Go through the records and transcribe them exactly, passing over any picture.

++++++++++

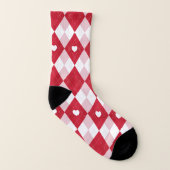 バレンタインデー アーガイル ソックス (左内側)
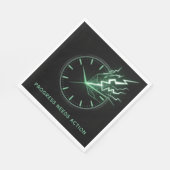 Serviette En Papier Progress Needs Action (Coin)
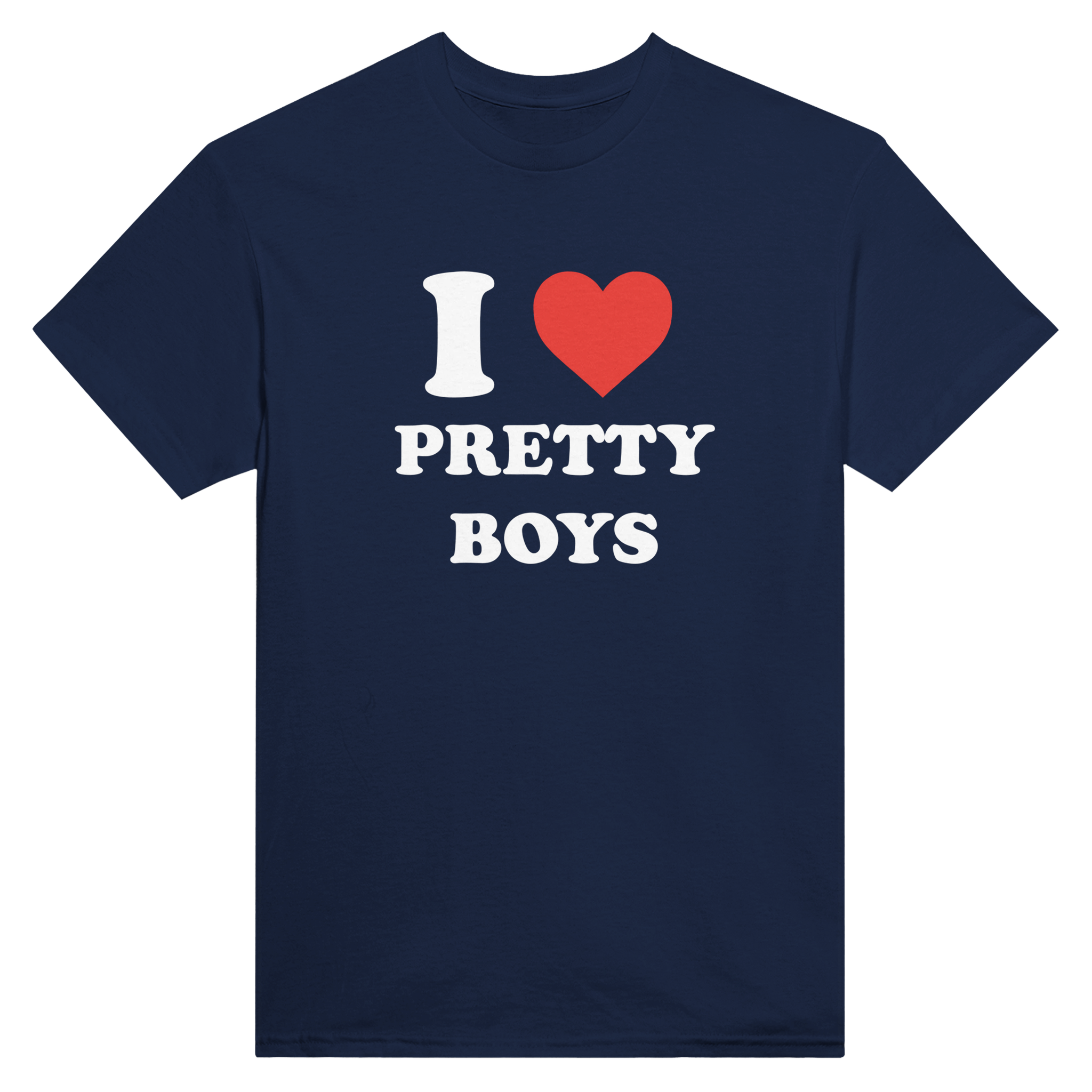 I love pretty boys – morsom t-skjorte fra Køddeklær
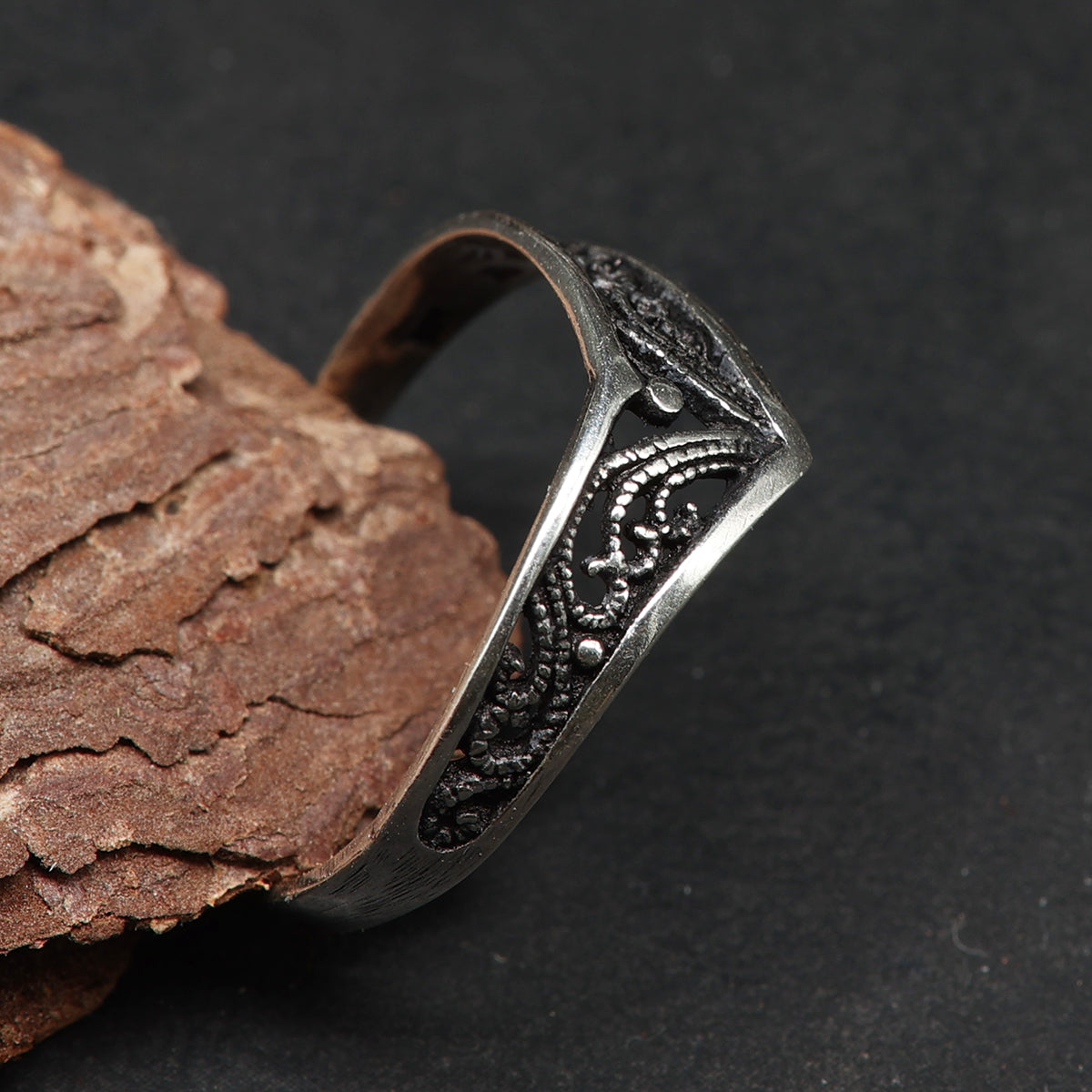 Elfen Design Ring 925 Silber Damen Mädchen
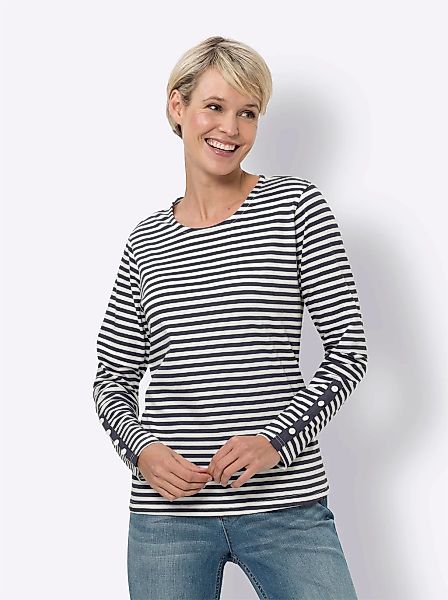 Classic Basics T-Shirt "Streifenshirt" 1 Stk. tlg. günstig online kaufen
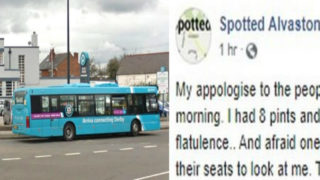 Passenger hilariously apologises online after letting huge fart go during bus ride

++++++++++

▸ EXERCISE ANSWER:
 バレンタインデー アーガイル ソックス (左内側)
 Serviette En Papier Progress Needs Action (Coin)
 I love pretty boys – morsom t-skjorte fra Køddeklær
 Elfen Design Ring 925 Silber Damen Mädchen
 Classic Basics T-Shirt "Streifenshirt" 1 Stk. tlg. günstig online kaufen
 Passenger hilariously apologises online after letting huge fart go during bus ride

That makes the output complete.